Anyway, this is what I often do on the weekends with other crazy friends into experimental archeology. If that sounds like a good time, you can learn more at our regional SCA group’s website.

Madame History won’t always just be me, however! I’m currently working with a few select historians, reenactors, storytellers, and educators to bring fresh, fascinating content and experiences for your enjoyment!

How I Met Madame Jones

Bangor Historical Society had a walking tour, the Devil’s Half Acre, which had lain dormant for some time.

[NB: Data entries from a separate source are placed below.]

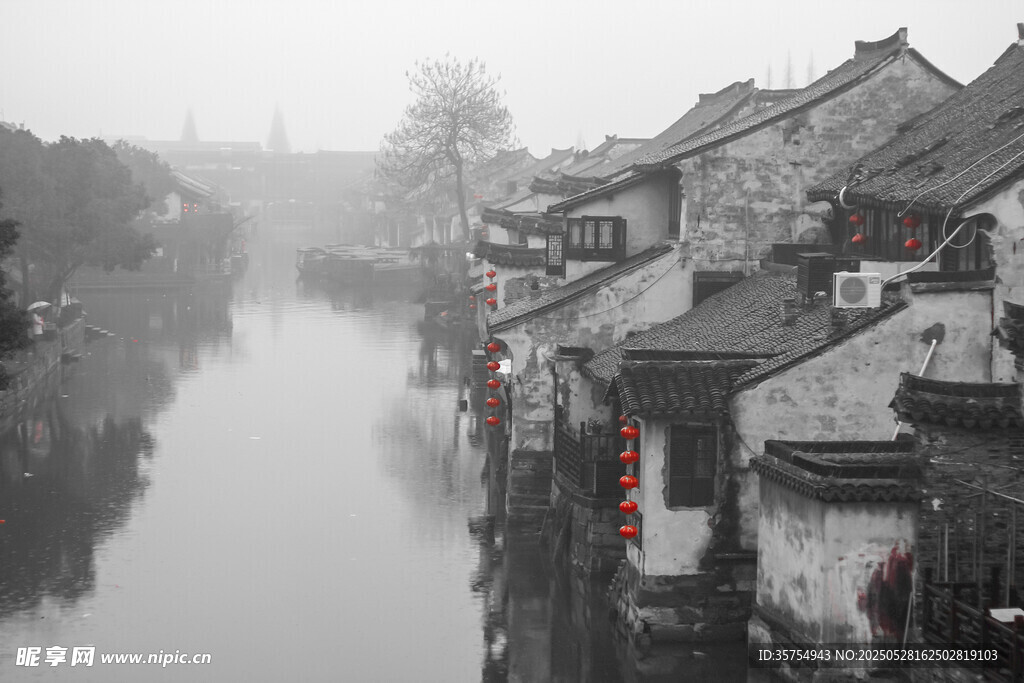 江南水乡古宅临水景致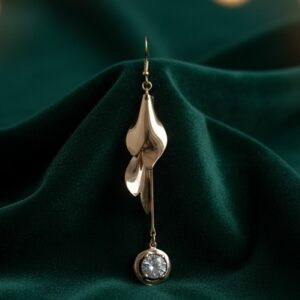 Elegant Leaf Drop Earrings with Crystal Pendant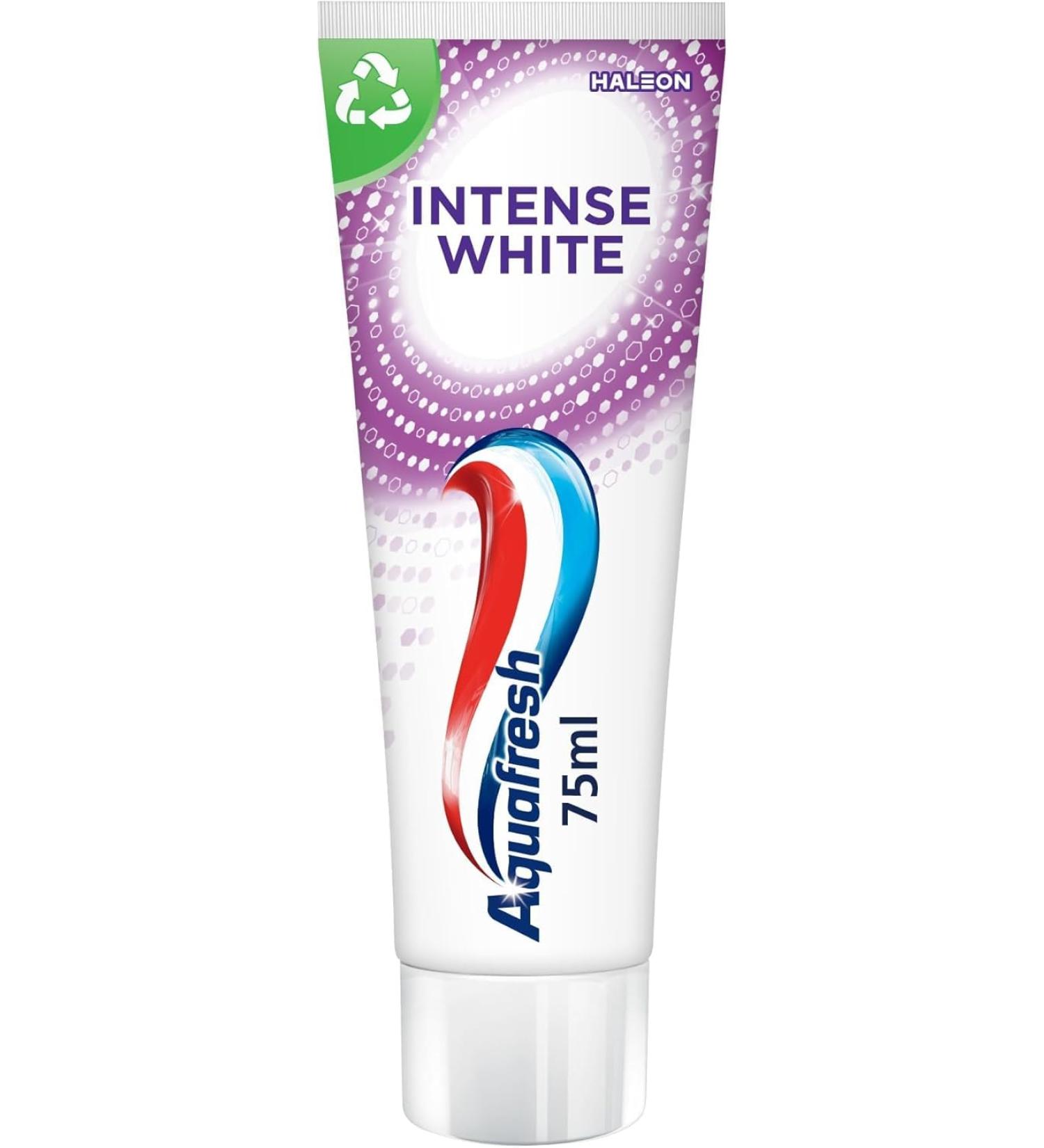  Aquafresh Aquafresh Intense White Toothpaste For Strong Teeth and Fresh Breath with Intense Whitening Pack of 12 x 75ml Recyclable Plastic Tube and Cap - Buy Online on GoSupps.com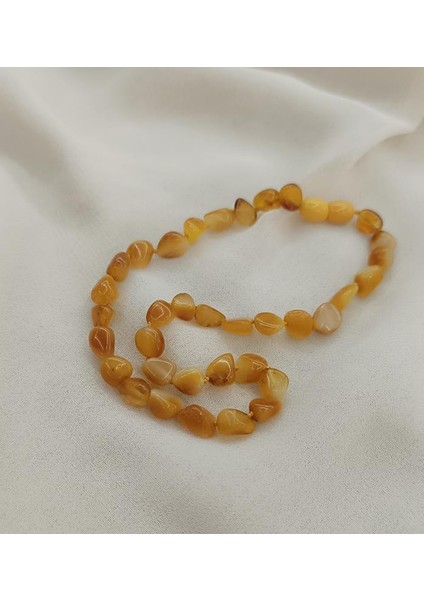 Kolye Kehribar Amber Doğaltaş Düğümlü Bebek Kolyesi 17874 fiyatları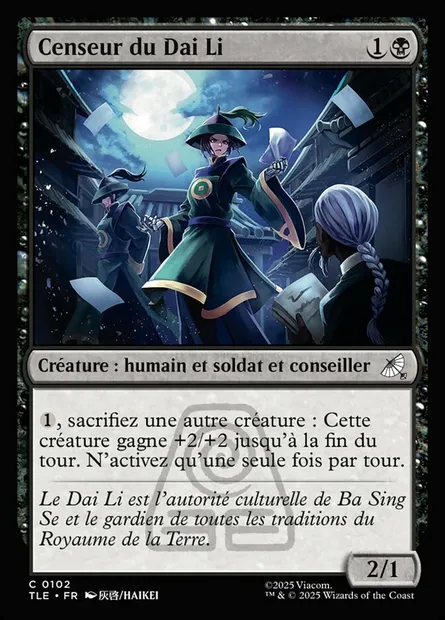 Censeur du Dai Li, carte Magic TLE 102 — extension Avatar: The Last Airbender Eternal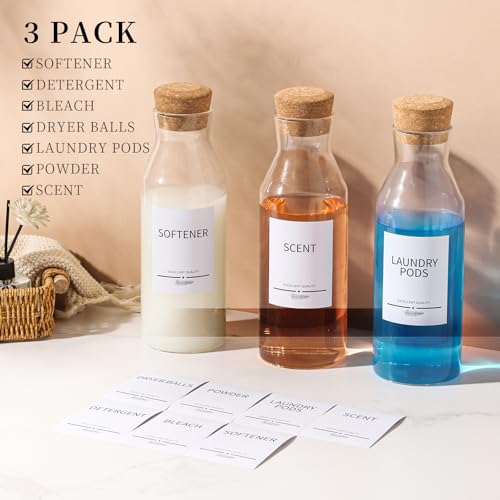 3Pack Glass Laundry Detergent Dispenser with 7Pcs Labels,40oz Liquid Laundry Detergent Dispenser,Laundry Containers for Organizing Liquid Detergent Dispenser Laundry Soap Dispenser - size: 34oz*3 (Wooden lid)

While talking about Bangor’s colorful personalities, I suggested to my friend Melissa, then the director of the BHS, that the tour be delivered by Bangor’s notorious Madame, Fan Jones.

I began to offer a rebooted Devil’s Half Acre tour in June of 2015, in full Victorian costume, all the layers, from stockings to bustle to petticoat to overdress.

One hot summer night, I decided to skip out on the top two layers and just wear the underdress.

It proved to be a hit (and much more comfortable!) and while the real Fan would have absolutely not been seen in such a state of undress, it works for modern audiences.

Fan Jones is a captivating character. “My” version of Fan was created based on local legend and historic accounts of the woman herself (and I’m always learning more about her!) In spite of her fame and generosity, while she rests in a prominent, front plot in Mount Hope Cemetery, she doesn’t have a headstone or marker to her name.

She’s become a better-remembered icon than some of her sisters: the brothel in the novel The Strange Woman is reported to be based on her Harlow Street property, and Ardeana Hamlin Knowles‘s well-loved novel Pink Chimneys features Fanny, a fictional character loosely based on the real Jones, a boutique Maine-made gin named for her, and even -briefly- a small local rock band.

While there are many other stories I’m working on telling, I will always be happy to spend time “being Fan” and look forward to my regular “hustle in the bustle” walking tours of the neighborhoods she loved.